# [RECORD SET]
"""
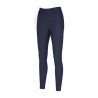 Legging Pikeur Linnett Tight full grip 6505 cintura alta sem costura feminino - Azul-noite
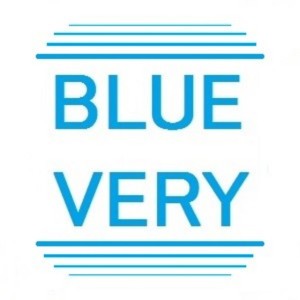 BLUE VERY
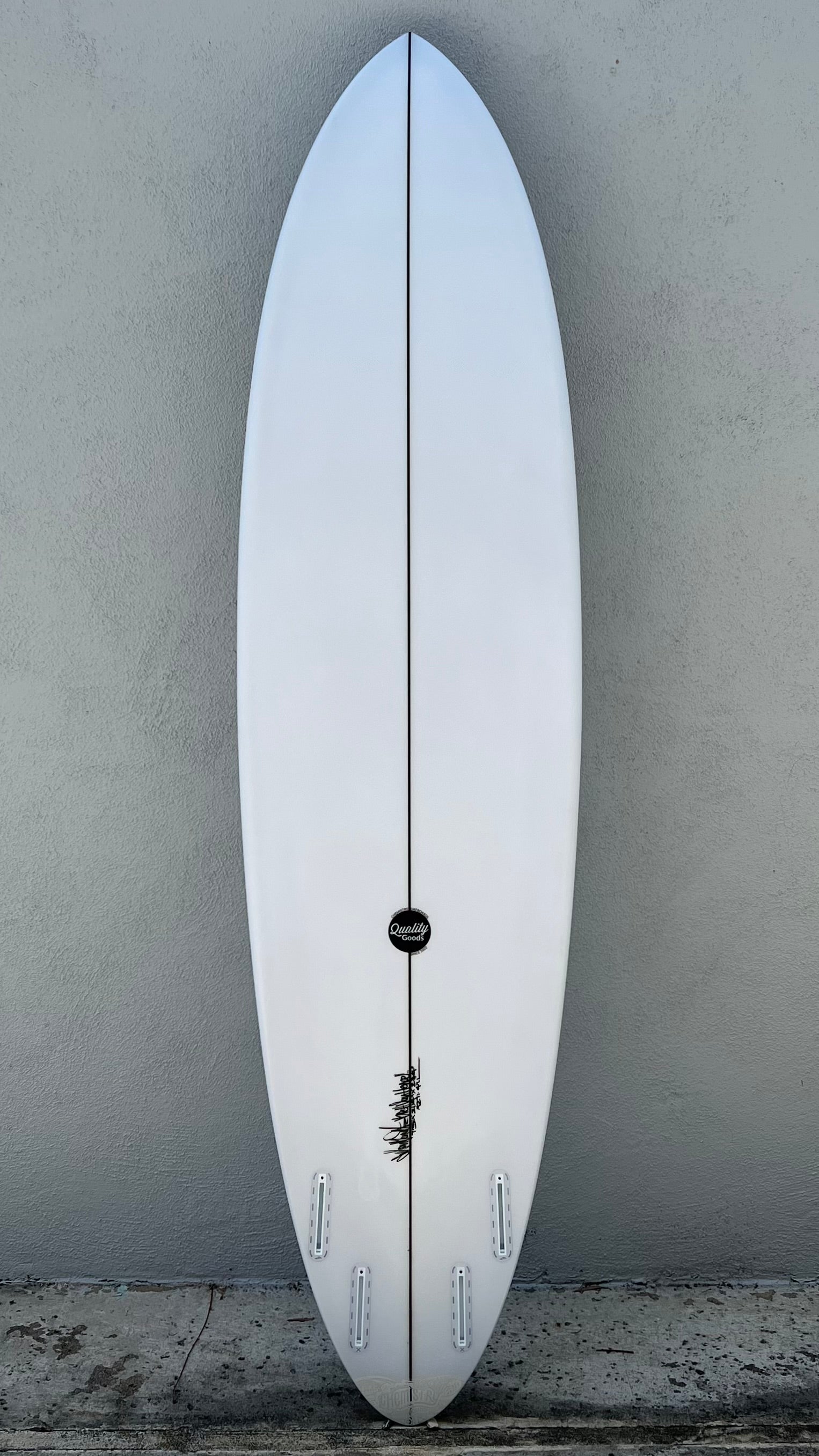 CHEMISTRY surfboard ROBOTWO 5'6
"""
"""
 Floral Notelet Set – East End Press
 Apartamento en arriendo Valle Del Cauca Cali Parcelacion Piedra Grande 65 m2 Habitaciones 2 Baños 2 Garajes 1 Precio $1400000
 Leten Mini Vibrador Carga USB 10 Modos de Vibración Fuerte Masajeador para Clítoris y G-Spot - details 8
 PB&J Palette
"""
Within the material above, output exactly the lines from the one with "Leten Mini Vibrador" through the one with "PB&J Palette", end lines included, and nothing besides.

 Leten Mini Vibrador Carga USB 10 Modos de Vibración Fuerte Masajeador para Clítoris y G-Spot - details 8
 PB&J Palette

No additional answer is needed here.